ニセのトラヴェラーズ・チェックと他人のパスポートを駆使して、カメラ、テープレコーダー、宝石など、数百万円相当の買い物をしたばかりではない。1967年5月には、東京─神戸間をまたに掛け、わずか23日間で、合計24件の詐欺を働くという、破廉恥な偉業を達成。1日に6件という数字さえはじき出した。しかし最終的には、大阪で日本の警察に逮捕されている。それも、FBIに内報されたから。

 ハワード・バロンというアメリカ人ビジネスマンは、さらに巧妙な手口を思いついた。東京の〈アメリカン・クラブ〉のゼネラル・マネージャーという、おいしい要職を射止め、それをフルに活用したのだ。アメリカン・クラブといえば、裕福なアメリカ人の重役や、外交官、およびその家族を主な対象とした、最高級会員制クラブとして知られている。
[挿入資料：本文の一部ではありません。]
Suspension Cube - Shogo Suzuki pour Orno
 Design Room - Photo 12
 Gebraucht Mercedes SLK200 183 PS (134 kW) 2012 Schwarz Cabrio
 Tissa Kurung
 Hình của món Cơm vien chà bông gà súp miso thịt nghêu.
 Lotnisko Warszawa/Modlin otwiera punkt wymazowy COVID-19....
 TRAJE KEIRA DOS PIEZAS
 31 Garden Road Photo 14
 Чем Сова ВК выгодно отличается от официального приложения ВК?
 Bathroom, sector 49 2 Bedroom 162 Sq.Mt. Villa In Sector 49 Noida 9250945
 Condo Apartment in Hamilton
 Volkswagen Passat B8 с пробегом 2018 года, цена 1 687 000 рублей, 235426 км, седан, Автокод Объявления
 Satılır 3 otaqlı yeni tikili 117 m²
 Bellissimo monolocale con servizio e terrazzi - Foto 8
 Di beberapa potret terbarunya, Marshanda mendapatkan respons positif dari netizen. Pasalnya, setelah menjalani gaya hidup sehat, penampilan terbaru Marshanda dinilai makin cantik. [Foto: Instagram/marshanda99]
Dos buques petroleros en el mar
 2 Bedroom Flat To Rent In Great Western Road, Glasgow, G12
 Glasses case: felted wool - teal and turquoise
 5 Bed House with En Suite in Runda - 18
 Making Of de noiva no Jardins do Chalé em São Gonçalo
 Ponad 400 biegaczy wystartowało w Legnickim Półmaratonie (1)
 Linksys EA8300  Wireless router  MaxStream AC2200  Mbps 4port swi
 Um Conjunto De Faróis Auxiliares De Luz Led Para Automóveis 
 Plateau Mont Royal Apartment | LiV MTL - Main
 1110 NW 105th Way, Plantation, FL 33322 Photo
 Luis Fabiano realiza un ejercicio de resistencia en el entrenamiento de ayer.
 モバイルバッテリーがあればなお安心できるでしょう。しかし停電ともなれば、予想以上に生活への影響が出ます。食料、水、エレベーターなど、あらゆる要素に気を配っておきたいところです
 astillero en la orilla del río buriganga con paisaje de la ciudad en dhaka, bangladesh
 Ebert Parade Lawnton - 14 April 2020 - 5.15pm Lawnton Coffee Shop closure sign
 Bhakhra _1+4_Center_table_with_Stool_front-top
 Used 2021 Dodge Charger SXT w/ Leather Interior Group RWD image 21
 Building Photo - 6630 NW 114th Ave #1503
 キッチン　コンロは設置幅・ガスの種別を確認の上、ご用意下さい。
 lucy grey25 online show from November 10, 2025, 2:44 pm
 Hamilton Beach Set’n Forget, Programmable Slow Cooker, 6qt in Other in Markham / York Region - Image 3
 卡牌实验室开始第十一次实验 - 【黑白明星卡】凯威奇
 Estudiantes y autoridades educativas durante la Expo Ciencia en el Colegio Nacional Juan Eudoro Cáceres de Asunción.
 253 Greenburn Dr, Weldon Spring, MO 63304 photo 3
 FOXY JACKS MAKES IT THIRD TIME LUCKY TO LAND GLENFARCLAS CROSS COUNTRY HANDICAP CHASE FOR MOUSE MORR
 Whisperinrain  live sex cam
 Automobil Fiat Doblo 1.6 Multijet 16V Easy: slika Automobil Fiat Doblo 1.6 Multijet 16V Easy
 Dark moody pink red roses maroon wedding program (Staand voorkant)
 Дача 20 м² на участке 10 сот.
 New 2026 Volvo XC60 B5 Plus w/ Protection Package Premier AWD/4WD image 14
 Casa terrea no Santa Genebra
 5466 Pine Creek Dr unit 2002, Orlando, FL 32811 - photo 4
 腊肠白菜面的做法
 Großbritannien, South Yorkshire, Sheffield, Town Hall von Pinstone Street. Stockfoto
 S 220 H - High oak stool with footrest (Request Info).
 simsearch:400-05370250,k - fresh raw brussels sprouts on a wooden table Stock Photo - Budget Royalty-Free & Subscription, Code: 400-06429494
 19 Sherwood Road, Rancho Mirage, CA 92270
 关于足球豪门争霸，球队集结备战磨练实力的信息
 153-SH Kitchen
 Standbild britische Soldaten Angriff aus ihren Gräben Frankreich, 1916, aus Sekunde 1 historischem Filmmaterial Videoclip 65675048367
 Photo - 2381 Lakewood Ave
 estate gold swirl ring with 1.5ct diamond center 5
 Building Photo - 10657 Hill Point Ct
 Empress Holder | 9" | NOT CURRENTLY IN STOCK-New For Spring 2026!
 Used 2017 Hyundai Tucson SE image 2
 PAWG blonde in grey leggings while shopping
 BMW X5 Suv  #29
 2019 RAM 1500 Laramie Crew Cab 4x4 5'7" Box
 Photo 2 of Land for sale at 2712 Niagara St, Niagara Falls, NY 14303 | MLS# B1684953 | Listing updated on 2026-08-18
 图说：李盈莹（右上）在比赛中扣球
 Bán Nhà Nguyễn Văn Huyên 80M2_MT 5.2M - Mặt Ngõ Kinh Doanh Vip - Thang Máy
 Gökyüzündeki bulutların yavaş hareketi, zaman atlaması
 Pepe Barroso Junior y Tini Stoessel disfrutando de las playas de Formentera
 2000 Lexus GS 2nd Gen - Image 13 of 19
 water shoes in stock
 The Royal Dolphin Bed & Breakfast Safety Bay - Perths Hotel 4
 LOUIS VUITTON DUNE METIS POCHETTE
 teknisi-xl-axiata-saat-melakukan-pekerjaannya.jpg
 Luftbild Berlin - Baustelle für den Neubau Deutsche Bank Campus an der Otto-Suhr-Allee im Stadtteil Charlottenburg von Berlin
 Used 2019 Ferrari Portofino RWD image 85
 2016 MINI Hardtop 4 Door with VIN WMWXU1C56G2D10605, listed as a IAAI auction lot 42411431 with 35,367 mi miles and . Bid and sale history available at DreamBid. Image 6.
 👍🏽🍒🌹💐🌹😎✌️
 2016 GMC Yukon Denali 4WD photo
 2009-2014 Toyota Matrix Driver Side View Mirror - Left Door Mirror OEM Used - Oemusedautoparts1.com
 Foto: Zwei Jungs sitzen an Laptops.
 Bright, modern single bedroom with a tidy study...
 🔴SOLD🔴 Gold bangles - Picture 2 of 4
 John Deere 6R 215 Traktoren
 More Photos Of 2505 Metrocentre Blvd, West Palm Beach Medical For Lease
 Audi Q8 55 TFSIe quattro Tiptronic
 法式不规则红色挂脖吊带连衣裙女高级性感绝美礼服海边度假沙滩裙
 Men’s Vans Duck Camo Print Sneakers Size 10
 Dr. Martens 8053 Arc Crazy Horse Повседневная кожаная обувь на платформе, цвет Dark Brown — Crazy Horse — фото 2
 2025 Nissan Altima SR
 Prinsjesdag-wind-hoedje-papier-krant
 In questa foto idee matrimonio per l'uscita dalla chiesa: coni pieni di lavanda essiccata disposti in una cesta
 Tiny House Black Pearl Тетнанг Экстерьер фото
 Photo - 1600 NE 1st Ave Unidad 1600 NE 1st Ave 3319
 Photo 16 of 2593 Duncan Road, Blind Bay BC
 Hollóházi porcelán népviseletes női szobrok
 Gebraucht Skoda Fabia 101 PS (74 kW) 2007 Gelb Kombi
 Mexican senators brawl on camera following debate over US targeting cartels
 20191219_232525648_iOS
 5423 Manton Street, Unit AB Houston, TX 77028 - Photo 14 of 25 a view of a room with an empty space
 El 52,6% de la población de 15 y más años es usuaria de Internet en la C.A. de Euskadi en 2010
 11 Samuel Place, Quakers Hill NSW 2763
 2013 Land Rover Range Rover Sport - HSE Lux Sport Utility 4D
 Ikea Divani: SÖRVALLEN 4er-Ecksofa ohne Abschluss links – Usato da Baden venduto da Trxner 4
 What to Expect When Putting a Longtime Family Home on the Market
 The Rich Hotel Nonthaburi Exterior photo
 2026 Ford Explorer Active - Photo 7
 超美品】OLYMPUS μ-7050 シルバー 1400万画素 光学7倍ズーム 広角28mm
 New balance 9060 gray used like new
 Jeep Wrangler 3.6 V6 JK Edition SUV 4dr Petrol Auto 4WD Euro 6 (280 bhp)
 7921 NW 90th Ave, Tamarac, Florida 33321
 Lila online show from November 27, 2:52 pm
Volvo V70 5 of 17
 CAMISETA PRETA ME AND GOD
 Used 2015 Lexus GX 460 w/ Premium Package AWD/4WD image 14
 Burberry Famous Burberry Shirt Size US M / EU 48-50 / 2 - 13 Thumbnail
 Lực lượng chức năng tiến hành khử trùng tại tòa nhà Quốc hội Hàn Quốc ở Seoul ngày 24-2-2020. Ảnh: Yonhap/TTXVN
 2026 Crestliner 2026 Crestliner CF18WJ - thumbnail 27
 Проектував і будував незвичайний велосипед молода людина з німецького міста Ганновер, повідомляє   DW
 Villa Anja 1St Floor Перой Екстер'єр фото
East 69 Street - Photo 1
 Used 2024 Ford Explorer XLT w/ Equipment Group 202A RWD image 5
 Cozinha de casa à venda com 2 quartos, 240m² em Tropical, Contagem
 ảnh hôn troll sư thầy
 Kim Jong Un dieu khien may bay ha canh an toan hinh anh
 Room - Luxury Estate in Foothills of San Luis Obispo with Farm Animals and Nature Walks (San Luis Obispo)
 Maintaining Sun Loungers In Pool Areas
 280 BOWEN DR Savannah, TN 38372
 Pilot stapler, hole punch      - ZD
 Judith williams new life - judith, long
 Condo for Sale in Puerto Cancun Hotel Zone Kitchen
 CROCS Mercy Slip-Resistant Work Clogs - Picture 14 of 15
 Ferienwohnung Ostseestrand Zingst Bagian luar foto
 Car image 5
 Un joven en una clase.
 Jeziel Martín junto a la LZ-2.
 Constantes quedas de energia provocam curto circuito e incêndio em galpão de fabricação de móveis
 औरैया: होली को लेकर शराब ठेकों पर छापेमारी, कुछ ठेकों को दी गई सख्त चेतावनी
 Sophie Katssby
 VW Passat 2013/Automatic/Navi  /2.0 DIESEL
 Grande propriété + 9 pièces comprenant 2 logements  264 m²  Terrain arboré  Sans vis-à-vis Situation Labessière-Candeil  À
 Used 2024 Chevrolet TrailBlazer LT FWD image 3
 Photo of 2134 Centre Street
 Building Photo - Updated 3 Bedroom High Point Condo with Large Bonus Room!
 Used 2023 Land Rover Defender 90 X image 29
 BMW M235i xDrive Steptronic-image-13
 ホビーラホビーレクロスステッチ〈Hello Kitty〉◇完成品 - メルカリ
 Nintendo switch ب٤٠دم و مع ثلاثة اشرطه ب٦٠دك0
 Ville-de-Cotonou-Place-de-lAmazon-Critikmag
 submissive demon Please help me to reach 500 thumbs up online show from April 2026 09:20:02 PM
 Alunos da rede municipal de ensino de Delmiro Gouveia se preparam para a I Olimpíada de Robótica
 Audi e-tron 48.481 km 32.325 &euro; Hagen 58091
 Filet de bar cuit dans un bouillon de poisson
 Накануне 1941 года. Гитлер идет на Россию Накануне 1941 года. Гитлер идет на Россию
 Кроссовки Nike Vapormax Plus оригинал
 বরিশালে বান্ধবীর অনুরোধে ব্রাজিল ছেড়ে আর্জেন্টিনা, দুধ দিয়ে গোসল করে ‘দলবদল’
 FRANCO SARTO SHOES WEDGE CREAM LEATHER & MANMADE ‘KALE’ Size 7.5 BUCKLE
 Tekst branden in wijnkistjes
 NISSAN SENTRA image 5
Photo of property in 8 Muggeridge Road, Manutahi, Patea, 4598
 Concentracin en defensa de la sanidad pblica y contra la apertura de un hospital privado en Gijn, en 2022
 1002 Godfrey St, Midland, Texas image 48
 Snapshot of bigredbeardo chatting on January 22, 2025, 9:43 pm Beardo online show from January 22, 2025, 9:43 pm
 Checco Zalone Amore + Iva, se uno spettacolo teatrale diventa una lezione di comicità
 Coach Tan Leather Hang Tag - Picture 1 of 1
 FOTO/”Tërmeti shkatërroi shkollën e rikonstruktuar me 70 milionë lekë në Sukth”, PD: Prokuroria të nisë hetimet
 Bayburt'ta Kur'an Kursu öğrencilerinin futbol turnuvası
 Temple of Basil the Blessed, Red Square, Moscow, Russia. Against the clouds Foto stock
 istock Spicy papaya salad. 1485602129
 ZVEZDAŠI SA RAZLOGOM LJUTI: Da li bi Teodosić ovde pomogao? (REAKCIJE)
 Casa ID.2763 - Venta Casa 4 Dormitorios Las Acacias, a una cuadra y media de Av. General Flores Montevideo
 ポストに就くや否や、クラブのお目付け役や委員会のメンバーたちを、「コスト削減、リストラ」と称して、ばっさりと解雇。その裏で、クラブの敷地を、日本の共同事業体に売りさばく計画を、ひそかに推し進めた。

 しかし悪巧みが事前に発覚すると、たちまち日本を脱出し、香港へ。ここでは米軍内部の犯罪組織、〈カーキ・マフィア〉と手を組んだが、到着後まもなく、自分のオフィスで、何者かに射殺されている。理由は知られていない。

立川空軍基地は、いわば
「詐欺師の実験台」だった

 外国人野心家の登竜門といえば、立川空軍基地だ。この世界最大の米軍基地には、終戦後、1975年にアメリカ人が、サイゴンから撤退したあと、1977年に日本に返還されるまで、数千人の兵士と家族の住居のほか、各種クラブ、映画館、ボウリング場、基地売店などが軒をつらね、1つの小さな町を形成していた。

 正門前のエリアでは、アメリカ人セールスマンが、何も疑わない軍関係者に、商品を売りつけようと手ぐすねを引いていた(“ヒツジの刈り込み”と呼ぶ商戦だ)。金、銀、証券、投資信託、不動産、自動車、アメリカのゴルフ会員権、等々、米兵や軍属たちが、財布のひもを緩めたくなるような商品を、思いつく限り並べたものだ。